Mobility is the word on everyone’s lips. StatCounter says worldwide internet usage through mobile devices – not including tablets – almost doubled from 4.3% to 8.5% between January 2011 and 2012. Cisco is forecasting 78% compound annual growth in mobile data traffic over the next five years.
Against that backdrop, our clients are increasingly asking questions about whether they need to have apps for iPhone or Android, how to accommodate tablet users, or if a website optimised for mobile is more appropriate. It’s good that the conversations are happening, but in our experience too many people are coming to the table with preconceptions about what platform they plan to work with. Becoming a slave to the technology means you’re at risk of putting off visitors because your app doesn’t give them what they want, when they want it.
Now is the time to think about the wider context and not just jump onto the latest touchscreen-powered bandwagon. The bigger issue for clients to consider in their digital strategy is that mobility isn’t just about what people look at; it completely changes where and how people will interact with what you present to them. From a design standpoint, that means focusing on the experience rather than just the aesthetics.
Consider the mindset of a person sitting at a desk using their PC on a Monday morning. The kind of information they are looking for – and how they consume – will be framed by the environment they’re in. That very same person might be in the pub on a Friday night, using their smartphone to search for trivia to settle a bet with a friend, or they could be at home watching TV on a Saturday night with their iPad on their lap as they follow a conversation on Twitter.

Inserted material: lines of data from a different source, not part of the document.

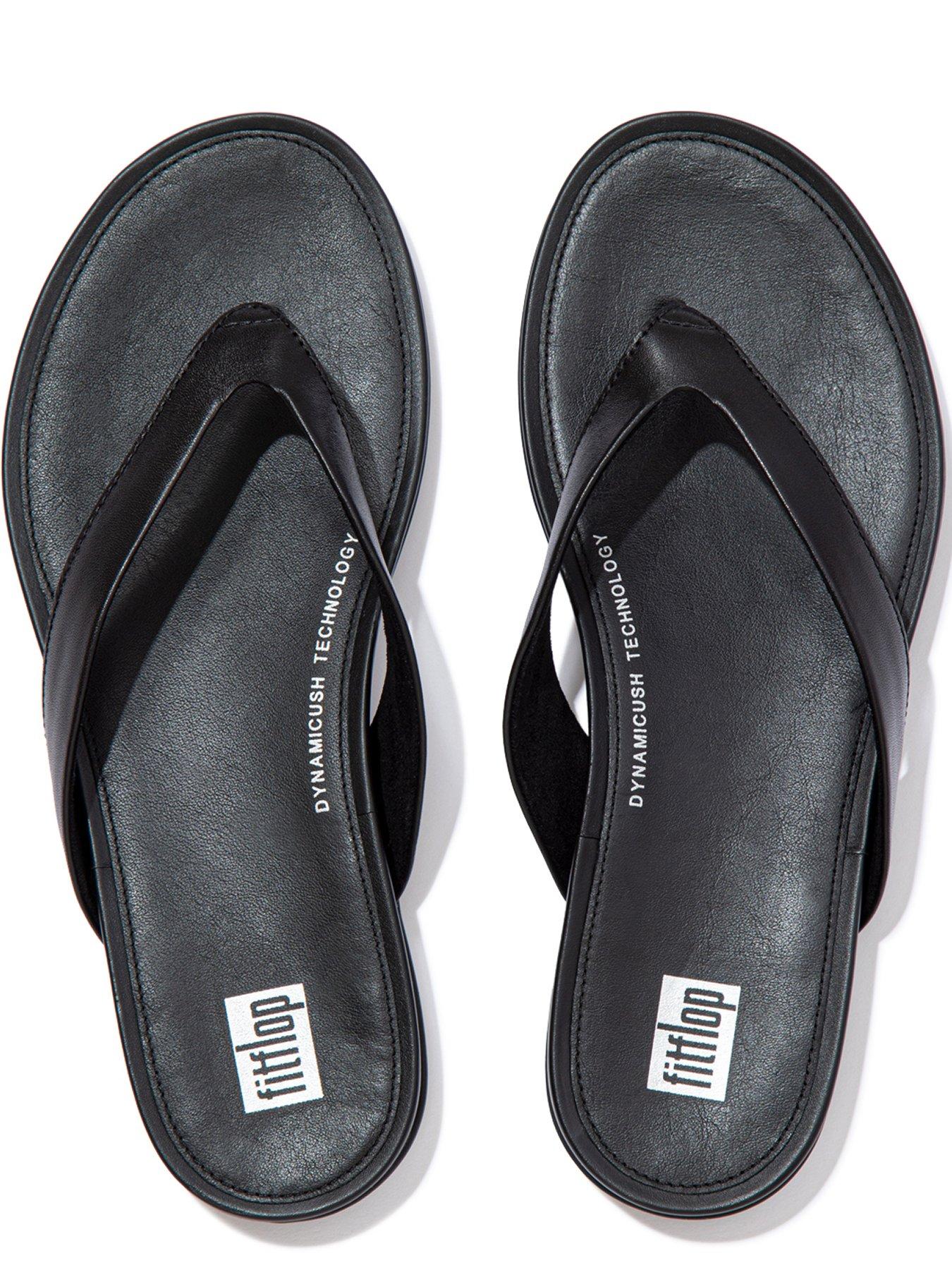 Diamante fitflops best sale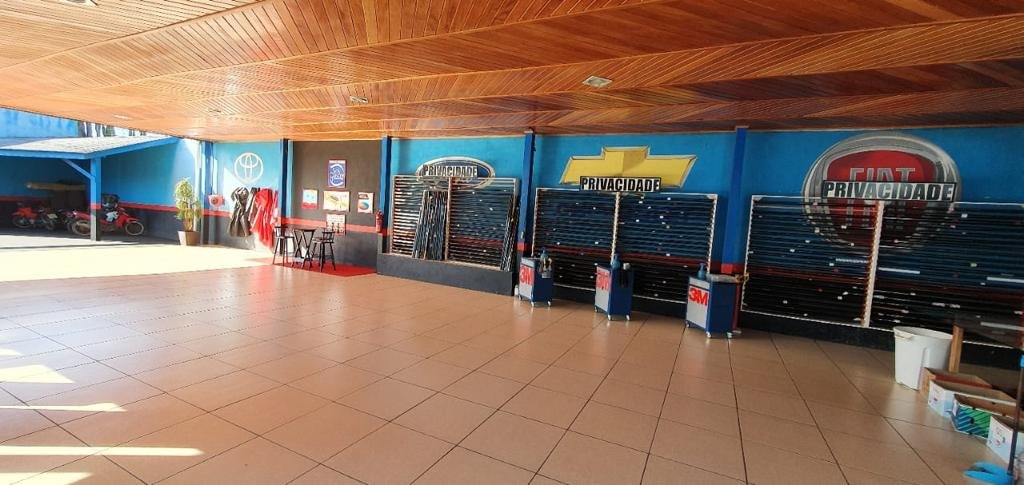 3M: J. Instaladora anuncia película para proteção de pintura de carro, moto e bike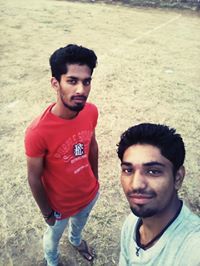 SugaNesh DesiNgh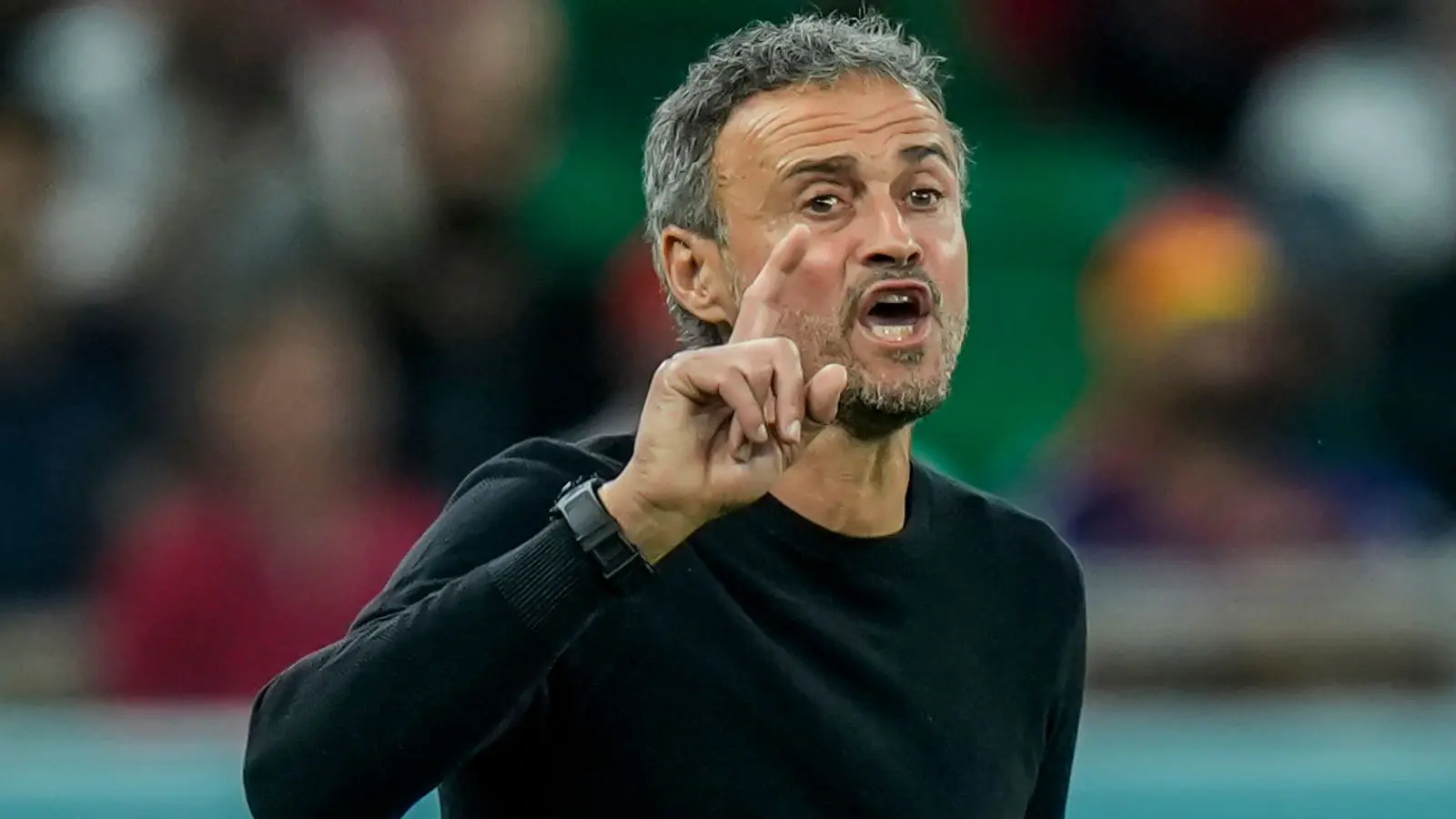 Luis Enrique YL4v9i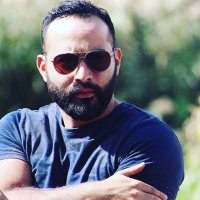 Mohammad Merhi (@m_merhi) Twitter profile photo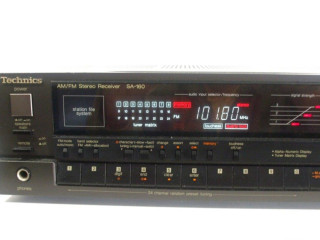 250w-zosilnovacequalizertunerrecever-technics-japan-ar02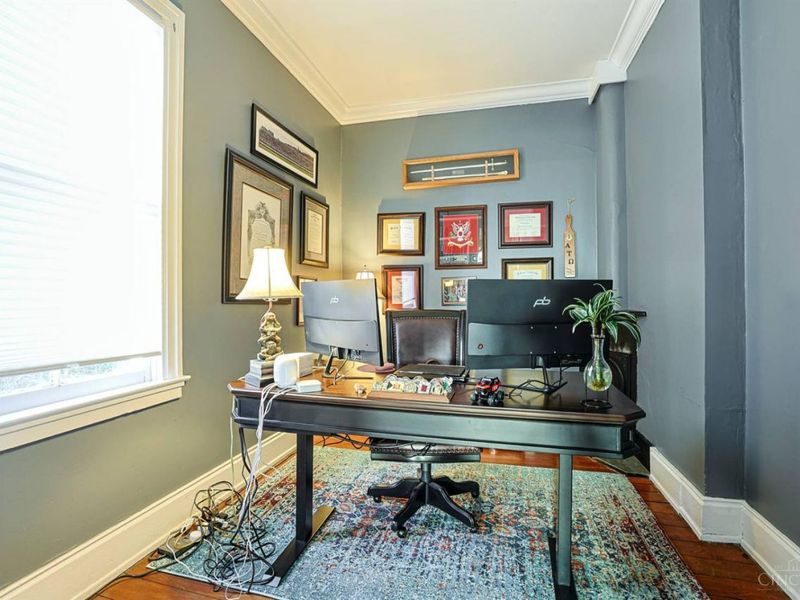 1075 Willow Avenue, Glendale, OH 45246 Photo 25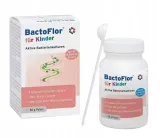 mito-pharma-bactoflor-dla-dzieci-60g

A good example of context in action was the high level of traffic to some of our high-end retail clients on Christmas day. Over a quarter of the visits logged came from mobile devices, which tells us straight away that iPads and iPhones are personal devices that people are using in a very different way to the workhorse PC of yore. Tablets are built for consumption; the user experience changes even before they start to use the interface.
What’s more, clients must start designing for active users as opposed to passive ones. People don’t just visit websites any more, they tour them and they bring others with them.
We’re also noticing a shift away from the very binary ‘like’ experience of Facebook towards more context-driven activity. It can’t be a coincidence that Facebook itself is broadening its category of verbs, which opens up huge possibilities for marketers. In a similar vein, Pinterest is also quietly gaining popularity with its ‘virtual cork board’ approach to social sharing. All of these developments reinforce the idea that when it comes to digital in 2012, context is king.